Please, could you print all the lines below exactly, leaving out the pictures?

Given information
···
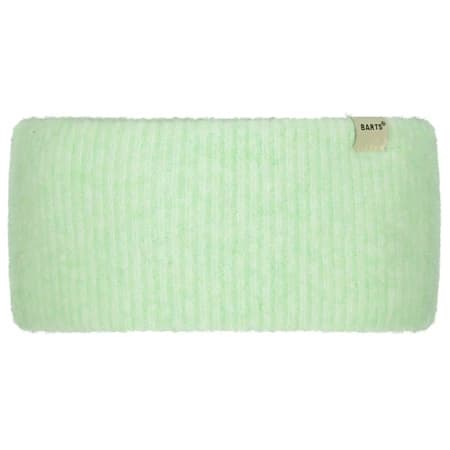 Лента за глава Barts Women's Fhearna Headband - Light Pistache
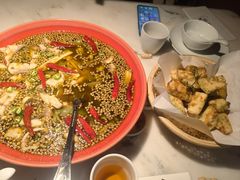 -初蓉丨遇见新川菜(亲贤街荣耀店)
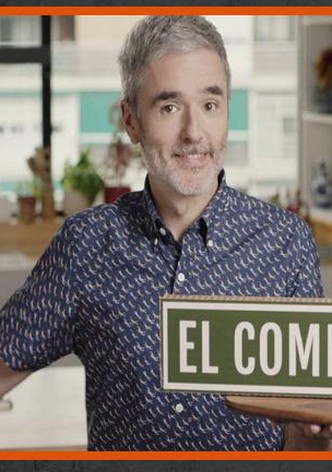 El comidista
···
Result of this exercise
 Лента за глава Barts Women's Fhearna Headband - Light Pistache
 -初蓉丨遇见新川菜(亲贤街荣耀店)
 El comidista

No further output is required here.